**PROMPT**
Among the records below, count the lines where "Mouse" occurs, and report that total alone.

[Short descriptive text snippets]
________________________

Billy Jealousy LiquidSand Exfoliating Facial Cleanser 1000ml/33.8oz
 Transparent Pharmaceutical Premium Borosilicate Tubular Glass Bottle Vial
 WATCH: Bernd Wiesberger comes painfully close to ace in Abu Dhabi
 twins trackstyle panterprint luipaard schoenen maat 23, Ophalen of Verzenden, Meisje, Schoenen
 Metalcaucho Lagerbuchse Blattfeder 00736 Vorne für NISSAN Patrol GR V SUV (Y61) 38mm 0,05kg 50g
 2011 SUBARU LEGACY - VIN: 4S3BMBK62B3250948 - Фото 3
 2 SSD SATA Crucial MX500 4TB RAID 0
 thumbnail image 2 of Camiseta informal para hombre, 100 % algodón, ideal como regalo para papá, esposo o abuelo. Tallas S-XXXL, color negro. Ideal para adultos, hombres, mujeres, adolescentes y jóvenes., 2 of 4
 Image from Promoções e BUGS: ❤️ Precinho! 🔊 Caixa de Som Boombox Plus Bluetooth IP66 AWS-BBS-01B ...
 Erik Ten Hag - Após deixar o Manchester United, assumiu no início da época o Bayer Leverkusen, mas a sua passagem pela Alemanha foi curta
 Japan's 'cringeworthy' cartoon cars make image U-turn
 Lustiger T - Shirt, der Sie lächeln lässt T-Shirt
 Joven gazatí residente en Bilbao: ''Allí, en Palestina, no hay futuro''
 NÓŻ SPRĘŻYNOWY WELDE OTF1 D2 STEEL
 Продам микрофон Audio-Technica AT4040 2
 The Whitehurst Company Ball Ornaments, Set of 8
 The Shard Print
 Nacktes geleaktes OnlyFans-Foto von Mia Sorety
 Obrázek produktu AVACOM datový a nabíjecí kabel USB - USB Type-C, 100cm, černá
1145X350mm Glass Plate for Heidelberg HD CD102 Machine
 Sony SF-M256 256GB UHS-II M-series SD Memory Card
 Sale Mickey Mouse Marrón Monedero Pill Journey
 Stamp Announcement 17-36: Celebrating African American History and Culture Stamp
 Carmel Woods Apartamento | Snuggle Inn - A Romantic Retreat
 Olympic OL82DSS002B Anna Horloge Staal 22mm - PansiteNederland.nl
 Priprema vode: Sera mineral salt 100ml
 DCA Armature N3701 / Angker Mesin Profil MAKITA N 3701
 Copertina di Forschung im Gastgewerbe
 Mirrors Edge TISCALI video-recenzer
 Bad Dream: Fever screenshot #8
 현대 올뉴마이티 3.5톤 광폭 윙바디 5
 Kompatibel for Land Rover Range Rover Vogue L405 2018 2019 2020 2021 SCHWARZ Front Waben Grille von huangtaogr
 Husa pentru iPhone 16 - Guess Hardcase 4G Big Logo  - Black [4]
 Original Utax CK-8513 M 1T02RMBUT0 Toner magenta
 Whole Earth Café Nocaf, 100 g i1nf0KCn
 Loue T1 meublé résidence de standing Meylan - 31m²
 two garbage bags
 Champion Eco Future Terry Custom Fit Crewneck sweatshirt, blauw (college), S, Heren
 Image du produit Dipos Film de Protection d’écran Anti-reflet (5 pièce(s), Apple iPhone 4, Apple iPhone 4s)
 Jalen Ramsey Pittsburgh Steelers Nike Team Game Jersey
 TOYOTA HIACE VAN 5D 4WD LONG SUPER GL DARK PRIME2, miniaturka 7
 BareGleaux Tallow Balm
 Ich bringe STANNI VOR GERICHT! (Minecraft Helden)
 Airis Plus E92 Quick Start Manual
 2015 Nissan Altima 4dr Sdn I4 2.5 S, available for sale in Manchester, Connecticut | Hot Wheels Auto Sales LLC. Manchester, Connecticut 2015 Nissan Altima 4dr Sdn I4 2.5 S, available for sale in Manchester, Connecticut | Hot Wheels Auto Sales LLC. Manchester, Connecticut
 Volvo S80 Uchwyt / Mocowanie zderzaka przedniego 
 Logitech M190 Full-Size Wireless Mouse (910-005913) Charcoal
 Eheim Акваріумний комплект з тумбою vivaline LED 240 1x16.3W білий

________________________

**SOLVED PROBLEM**
2